Continuity Takes Precedence Over Succession

Independent broker/dealer Securities America has designated October “Continuity Planning Month” to address the gap in understanding of the difference between continuity plans and succession plans.


Securities America, in La Vista, Nebraska, is providing educational webcasts, agreement templates, video and other resources to help advisers stop procrastinating and file a written plan.

“Advisers who lump continuity planning into succession planning miss the point: the risk of dying today versus the relative certainty of retiring tomorrow,” said Roger Verboon, a senior practice management consultant at Securities America who coaches advisers about continuity planning.

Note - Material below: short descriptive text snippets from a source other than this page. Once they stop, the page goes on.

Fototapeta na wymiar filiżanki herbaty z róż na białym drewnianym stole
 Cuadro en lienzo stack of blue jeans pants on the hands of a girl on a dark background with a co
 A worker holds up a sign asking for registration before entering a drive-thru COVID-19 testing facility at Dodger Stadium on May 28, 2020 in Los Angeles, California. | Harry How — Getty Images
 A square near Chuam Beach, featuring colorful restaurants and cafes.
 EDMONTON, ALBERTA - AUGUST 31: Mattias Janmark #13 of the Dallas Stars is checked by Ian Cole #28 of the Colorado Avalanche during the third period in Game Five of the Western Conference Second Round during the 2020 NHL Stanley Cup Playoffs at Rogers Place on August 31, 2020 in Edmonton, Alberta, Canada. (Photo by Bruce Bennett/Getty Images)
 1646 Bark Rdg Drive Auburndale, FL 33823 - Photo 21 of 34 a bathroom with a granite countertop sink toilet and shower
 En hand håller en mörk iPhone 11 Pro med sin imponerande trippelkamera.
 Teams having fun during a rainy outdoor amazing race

The firm is also helping advisers match up and create mutual continuity agreements. With only 73 continuity plans on file (out of 1,600 advisers, or 4.5%), the company is asking advisers to take the Continuity Challenge in October and emphasizing that request with a calling campaign. Advisers who accept the challenge will commit this month to having a continuity plan on file with the Securities America home office by the end of the year. Advisers who complete the challenge will be allowed to place a continuity verification seal on their website to assure clients and prospects that their investment accounts will be taken care of if the adviser suddenly dies or becomes incapacitated.



“Advisers are stewards who direct, guide and care for the financial well-being of their clients,” said Kirk Hulett, executive vice president of strategy and practice management at Securities America. “In focusing their attention and expertise on clients, advisers may overlook their important role as stewards for their family and their employees, whose wellbeing is also dependent on the adviser. A continuity plan protects all the people under an adviser’s stewardship: family, employees and clients.”
While succession planning has been a hot topic in the industry for some time, Securities America is emphasizing the continuity aspect as the most critical.

“Like a succession plan, a continuity plan lays out what you want to happen to your practice when you are no longer running it,” Hulett said. “Unlike a succession plan, a continuity plan is implemented immediately, rather than over a period of months or years due to an unexpected disruption in your ability to work. Also, a succession plan typically assumes you will not return to run the practice; whereas a continuity plan must address the possibility that you will.”

Securities America also distinguishes continuity planning from disaster recover planning. The adviser is still available to make decisions in a disaster, leading staff and communicating with clients, Hulett pointed out. But a continuity plan is needed to help get staff, family and clients through a period when the adviser is unable to manage the business because of illness, injury or death. “So when you look at the planning continuum for financial practices, the continuity plan is really the most critical,” he said. “The disaster and succession plans can be built outward from the continuity starting point. That’s why we’ve focused our attention this month on encouraging advisers to address continuity first.”